Strict, StrictData, UNPACK

tomjaguarpaw · March 24, 2024, 10:26am

Forking off a thread from @vshabanov’s comment One Billion Row challenge in Hs - #223 by vshabanov

I don’t feel too strongly. Less experienced users might be better off with -XStrictData but then there’s also the risk they then don’t learn to use !.

Yes, and this is explained further in the User’s Guide. But firstly, I don’t think there’s much risk of UNPACK happening by accident, and secondly unboxing is not that closely related to laziness. There are morally two steps between something unboxed and something lazy: 1. unboxing, 2. lifting.

I don’t understand this. I expect that making fields of data types strict to be better for performance in the vast majority of cases. There are exceptions when you can avoid a redundant calculation by returning a value in a lazy field, but I expect such cases to not arise much in performance critical code anyway.
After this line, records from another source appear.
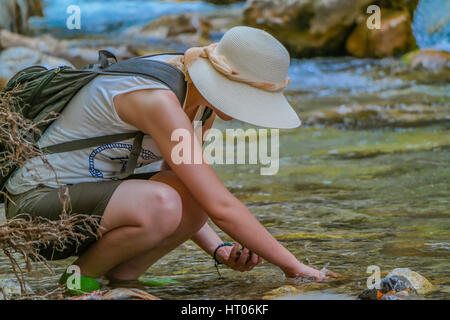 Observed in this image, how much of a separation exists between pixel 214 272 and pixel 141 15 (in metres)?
11.2

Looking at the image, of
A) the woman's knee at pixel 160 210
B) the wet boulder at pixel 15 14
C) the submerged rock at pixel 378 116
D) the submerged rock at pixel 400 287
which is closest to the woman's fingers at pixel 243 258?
the woman's knee at pixel 160 210

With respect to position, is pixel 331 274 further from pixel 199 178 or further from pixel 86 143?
pixel 86 143

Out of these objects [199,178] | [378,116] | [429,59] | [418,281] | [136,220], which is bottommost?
[378,116]

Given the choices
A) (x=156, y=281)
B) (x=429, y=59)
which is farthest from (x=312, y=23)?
(x=156, y=281)

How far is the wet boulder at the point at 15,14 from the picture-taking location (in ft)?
38.2

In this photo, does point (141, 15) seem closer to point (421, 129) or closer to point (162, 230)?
point (421, 129)

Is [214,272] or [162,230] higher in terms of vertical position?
[162,230]

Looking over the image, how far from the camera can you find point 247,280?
8.62 ft

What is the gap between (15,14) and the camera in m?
12.1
Do you have some examples you can share of strict fields making performance worse (where the worsening cannot be attributed to redundant computation)?

Who are they? For the record, I am not one. I think lazy function arguments are wonderful. My current expectation, though, is that strict fields of data types are the correct default choice in the vast majority of cases.

Despite valuing lazy function arguments, I haven’t been able to understand Ed’s insistence that what he wants can’t be achieved in a strict language with explicit laziness. Okasaki’s book was written in such a language, after all.

atravers · March 24, 2024, 1:32pm

From page 26 of 33 in How to Declare an Imperative (1997)
In order to treat 'a io as an abstract type [in SML], we define a fixpoint operator, fix.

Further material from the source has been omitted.